I just don’t see how five-year leases and being able to have dogs and make minor alterations is going to be able to help. I think it’s going to make it harder … This is coming from a real estate agent who spoke publicly on the record. He has been seeing huge numbers of applicants competing for properties, and that is not normal in our part of the world.

So the thing is, what we are seeing is Airbnb listings in Warrnambool going from 30 to 300 in six years, with a huge growth over the past two years. So the landlords are simply taking the properties off the market and looking for alternatives.

Assumptions are also, I think, that all landlords are wealthy, and that is not the case. In our part of the world many are farmers, as was our situation. You buy a property, and it sometimes has two houses on it; they just come with the land price, really. We work hard, and I think all of you understand that farmers are under enormous pressure. They are not wealthy people who have cash available. Sometimes they will even buy a property in Warrnambool as their investment to retire in later and use it in the meantime to gain some rental income.
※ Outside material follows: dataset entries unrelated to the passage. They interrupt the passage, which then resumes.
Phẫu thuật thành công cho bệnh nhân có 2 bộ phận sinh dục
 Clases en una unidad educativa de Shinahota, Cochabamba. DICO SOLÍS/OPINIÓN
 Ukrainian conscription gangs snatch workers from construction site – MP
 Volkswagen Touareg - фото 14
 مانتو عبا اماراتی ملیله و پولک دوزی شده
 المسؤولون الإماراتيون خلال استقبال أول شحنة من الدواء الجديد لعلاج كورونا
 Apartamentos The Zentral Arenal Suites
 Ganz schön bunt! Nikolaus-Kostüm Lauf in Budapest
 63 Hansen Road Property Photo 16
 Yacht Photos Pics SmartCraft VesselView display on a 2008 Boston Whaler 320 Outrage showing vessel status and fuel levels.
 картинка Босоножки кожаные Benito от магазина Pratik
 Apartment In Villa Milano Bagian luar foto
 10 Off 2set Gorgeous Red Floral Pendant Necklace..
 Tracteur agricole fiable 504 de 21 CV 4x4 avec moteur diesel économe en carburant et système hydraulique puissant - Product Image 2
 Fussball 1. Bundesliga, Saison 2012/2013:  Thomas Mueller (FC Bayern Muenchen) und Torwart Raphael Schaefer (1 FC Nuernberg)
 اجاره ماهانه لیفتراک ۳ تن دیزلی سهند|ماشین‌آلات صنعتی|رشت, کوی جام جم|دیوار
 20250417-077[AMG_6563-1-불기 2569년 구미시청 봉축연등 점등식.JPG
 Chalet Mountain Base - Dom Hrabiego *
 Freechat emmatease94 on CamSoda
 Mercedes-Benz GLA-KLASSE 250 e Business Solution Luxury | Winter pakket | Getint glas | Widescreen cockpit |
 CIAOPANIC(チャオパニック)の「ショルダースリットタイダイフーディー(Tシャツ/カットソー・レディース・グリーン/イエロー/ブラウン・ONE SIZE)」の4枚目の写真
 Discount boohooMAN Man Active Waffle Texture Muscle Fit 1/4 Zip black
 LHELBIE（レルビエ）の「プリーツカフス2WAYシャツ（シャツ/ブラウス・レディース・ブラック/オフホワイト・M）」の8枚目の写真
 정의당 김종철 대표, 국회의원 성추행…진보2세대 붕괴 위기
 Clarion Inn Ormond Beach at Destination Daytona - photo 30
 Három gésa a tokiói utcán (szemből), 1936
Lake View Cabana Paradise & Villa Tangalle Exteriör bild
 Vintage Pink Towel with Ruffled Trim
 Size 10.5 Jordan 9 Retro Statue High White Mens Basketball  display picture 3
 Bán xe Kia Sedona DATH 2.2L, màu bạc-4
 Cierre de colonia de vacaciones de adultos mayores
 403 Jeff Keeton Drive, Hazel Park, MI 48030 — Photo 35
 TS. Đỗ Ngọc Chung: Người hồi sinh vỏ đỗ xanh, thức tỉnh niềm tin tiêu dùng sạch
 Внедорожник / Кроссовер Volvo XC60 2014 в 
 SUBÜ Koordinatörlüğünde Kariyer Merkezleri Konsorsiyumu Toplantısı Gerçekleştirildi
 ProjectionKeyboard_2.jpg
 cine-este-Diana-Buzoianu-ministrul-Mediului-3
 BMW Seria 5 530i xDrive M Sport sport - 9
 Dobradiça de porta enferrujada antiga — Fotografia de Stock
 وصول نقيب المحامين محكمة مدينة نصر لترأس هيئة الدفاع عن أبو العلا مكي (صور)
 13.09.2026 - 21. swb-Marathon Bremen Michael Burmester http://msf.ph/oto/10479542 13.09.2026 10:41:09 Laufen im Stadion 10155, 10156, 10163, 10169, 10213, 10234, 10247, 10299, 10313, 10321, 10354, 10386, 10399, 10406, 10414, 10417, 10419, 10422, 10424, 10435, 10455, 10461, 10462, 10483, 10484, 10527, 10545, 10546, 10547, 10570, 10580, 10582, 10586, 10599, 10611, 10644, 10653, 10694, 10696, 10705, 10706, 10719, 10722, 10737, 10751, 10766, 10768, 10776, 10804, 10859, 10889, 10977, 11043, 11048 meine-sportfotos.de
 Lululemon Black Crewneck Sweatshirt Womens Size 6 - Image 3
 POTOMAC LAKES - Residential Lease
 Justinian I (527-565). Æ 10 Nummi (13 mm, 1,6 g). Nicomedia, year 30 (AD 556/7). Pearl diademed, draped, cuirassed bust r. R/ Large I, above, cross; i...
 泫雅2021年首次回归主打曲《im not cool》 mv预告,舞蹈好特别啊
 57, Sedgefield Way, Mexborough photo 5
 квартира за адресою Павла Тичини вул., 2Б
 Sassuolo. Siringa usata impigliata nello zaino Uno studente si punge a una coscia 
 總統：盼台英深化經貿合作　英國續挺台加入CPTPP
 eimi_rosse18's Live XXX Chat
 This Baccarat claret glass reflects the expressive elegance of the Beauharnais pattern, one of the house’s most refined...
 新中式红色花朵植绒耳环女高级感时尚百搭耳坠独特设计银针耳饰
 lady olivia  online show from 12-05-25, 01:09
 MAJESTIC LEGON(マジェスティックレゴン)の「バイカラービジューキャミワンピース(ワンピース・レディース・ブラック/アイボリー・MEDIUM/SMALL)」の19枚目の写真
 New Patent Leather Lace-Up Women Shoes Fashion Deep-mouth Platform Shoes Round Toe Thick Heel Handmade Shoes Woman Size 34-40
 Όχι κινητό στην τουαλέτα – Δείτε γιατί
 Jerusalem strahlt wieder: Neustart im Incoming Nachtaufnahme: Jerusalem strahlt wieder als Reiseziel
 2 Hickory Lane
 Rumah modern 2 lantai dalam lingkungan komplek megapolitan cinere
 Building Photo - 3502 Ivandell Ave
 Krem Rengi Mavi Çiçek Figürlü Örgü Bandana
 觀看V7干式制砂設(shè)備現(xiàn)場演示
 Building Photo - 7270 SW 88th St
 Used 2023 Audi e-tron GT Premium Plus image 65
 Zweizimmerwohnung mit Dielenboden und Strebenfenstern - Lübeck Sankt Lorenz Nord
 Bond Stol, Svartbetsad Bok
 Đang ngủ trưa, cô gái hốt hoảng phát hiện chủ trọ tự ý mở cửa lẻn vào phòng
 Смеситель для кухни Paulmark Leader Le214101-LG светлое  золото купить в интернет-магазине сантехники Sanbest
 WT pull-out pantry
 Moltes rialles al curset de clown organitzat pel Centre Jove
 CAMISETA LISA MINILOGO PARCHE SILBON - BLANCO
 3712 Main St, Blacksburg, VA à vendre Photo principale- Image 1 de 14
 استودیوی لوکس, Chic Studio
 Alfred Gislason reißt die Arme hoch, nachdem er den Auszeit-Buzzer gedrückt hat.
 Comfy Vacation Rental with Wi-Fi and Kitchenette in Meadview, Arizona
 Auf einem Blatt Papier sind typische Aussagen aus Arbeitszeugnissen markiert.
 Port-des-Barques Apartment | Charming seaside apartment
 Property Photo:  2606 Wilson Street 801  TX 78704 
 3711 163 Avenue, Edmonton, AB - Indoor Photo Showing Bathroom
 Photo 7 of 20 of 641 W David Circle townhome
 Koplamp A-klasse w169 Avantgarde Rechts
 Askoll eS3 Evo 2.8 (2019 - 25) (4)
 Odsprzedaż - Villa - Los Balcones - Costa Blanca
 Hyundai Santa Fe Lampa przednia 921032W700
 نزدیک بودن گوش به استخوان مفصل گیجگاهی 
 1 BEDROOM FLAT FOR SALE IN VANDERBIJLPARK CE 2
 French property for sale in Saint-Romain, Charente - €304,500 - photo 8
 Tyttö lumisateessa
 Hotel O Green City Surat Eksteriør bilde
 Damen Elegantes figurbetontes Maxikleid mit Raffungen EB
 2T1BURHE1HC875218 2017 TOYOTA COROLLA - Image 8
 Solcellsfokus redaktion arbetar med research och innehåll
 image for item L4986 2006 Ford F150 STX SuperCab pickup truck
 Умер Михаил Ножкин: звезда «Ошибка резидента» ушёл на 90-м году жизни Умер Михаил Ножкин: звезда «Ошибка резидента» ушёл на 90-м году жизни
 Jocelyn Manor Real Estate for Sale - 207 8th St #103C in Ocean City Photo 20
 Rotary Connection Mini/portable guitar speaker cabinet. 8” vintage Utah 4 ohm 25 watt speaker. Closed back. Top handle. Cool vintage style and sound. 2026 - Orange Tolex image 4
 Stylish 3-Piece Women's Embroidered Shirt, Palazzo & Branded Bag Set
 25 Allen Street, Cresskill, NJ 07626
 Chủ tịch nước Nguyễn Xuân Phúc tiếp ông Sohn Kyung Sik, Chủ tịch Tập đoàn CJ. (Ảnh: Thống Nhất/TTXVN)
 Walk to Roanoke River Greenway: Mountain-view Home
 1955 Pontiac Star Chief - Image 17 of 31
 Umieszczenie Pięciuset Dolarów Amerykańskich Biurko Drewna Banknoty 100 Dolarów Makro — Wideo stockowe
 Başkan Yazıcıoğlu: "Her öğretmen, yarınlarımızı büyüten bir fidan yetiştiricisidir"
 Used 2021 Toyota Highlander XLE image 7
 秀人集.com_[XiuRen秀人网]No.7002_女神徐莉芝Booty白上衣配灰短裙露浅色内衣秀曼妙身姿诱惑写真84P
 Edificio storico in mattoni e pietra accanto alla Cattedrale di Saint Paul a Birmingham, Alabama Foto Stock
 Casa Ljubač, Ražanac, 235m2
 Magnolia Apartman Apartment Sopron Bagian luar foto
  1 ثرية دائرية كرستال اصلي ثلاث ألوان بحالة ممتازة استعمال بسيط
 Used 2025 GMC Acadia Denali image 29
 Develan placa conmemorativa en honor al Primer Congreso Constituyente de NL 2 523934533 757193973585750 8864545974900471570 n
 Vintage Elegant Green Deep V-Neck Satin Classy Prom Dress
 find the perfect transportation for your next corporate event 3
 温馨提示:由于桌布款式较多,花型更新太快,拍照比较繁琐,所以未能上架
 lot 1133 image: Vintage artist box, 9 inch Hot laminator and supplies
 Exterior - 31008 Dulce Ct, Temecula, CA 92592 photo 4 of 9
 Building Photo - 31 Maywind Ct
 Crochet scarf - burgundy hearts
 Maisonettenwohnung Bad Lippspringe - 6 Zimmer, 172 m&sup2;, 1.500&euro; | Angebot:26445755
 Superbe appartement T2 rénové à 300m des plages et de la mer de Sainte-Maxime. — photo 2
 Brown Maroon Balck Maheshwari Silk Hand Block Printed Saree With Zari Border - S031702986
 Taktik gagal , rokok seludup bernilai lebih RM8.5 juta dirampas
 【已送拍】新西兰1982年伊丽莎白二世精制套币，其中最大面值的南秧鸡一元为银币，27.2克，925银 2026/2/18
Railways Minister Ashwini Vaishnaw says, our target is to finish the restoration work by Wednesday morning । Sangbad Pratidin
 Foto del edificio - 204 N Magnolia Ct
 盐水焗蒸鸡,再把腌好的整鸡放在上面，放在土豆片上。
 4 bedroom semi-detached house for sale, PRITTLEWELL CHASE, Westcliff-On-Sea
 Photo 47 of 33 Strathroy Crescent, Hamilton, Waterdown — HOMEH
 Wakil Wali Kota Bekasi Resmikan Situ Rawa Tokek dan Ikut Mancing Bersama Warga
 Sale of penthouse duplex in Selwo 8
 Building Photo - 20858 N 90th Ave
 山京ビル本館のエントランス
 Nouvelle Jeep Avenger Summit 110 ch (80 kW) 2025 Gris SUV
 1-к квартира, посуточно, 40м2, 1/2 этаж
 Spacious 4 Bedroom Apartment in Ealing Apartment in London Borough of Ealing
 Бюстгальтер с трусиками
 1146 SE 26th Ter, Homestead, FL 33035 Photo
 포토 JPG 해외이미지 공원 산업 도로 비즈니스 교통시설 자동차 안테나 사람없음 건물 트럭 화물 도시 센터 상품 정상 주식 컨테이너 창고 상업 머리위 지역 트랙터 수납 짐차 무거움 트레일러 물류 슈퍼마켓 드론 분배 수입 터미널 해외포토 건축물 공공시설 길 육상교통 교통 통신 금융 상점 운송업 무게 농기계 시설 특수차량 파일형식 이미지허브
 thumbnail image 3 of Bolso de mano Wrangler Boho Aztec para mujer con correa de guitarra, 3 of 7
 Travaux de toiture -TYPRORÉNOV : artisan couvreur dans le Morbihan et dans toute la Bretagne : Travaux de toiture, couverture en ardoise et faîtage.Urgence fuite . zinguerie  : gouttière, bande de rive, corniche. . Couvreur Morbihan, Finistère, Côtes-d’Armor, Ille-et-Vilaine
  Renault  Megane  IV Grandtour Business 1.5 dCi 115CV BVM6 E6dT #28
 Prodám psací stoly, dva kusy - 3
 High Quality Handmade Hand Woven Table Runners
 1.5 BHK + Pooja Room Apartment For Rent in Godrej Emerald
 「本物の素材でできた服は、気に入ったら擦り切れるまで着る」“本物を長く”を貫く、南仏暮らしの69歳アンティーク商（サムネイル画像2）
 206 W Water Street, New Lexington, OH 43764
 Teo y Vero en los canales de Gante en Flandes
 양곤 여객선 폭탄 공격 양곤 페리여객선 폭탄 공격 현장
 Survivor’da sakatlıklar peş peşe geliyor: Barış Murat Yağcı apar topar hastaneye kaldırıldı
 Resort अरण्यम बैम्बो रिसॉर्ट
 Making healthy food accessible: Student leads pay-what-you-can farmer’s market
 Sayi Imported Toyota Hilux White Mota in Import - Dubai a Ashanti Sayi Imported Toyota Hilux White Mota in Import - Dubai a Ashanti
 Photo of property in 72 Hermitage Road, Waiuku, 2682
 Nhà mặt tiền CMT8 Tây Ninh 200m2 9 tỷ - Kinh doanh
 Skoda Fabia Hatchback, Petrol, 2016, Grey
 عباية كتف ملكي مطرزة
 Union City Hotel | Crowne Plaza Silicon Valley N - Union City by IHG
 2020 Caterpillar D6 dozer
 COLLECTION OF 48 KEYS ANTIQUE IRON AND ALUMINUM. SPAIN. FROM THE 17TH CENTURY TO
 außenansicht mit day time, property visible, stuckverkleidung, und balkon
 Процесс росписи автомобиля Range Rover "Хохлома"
So these are not entrepreneurs who are buying land and properties one after the other. They are just mum and dad investors. So I see very much a situation where we are really getting a skewed market and there certainly is market failure, and the government, by imposing these changes, are really not addressing that issue that we are seeing. We are seeing also a shortage of social and public housing in my region.

In fact we have a 127 per cent blowout in the waiting lists compared to the state average. There are 1444 social housing properties in my electorate, but there are 669 applicants who have been assessed and are in need of social housing. That is not just individuals.

That is families within that number—people with children needing to go to school, needing to have some stability. It is a really critical situation. As I say, I have people in my office consistently.

So I feel that when we talk to the government about this we see that they need to increase social housing in my electorate alone by 46 per cent just to accommodate this waiting list. But the minister spoke to the local paper and he went on the record saying that in the past five years the government has acquired 18 new properties in the area, and that pretty much covers the whole western part of the state, from Horsham down to the coast.

He also said there are another eight units coming in Warrnambool. Remember, I said we need 669—that would meet the current demand. So eight was his response to 669. It is simply not enough.

The government is ignoring the crisis—and this has been developing in the south-west for the last five years—and has essentially sat on its hands, and this legislation will do absolutely nothing but worsen than.

The state government is happy to brag about building additional social housing in Victoria, but the reality is these investments are in Ballarat and Geelong. When they call their investments ‘regional’ it is Ballarat and Geelong despite South-West Coast being among the region’s electorates with the highest number of homeless people—another example, and I spoke about this yesterday, of really good press releases on how the Labor government care, but really no action.

Really when you scrape back the surface, what you are seeing is very big lack of care. So now people will be saying my electorate is being ignored because I am from the opposition, but the reality is that the government is just ignoring the country.

It has a really big history of ignoring the country. Today we saw the Real Estate Institute of Victoria’s chief executive officer Gil King say that incentives are needed for home owners to rent out their homes rather than offer them through Airbnb, or holiday accommodation, he called it—market failure.

We are seeing rental prices in my part of the world go up a significant amount from a mean price of $340 a week for rent to $360. This is a huge increase for people who are trying to manage the cost of living, which is blowing out of control. People are coming into my office talking about how they cannot afford to pay their electricity bills, they cannot afford rent and they cannot find rent.

The real estate institute continued by saying that as competition grows it will be increasingly tough, so I urge the government to think hard about what they are doing.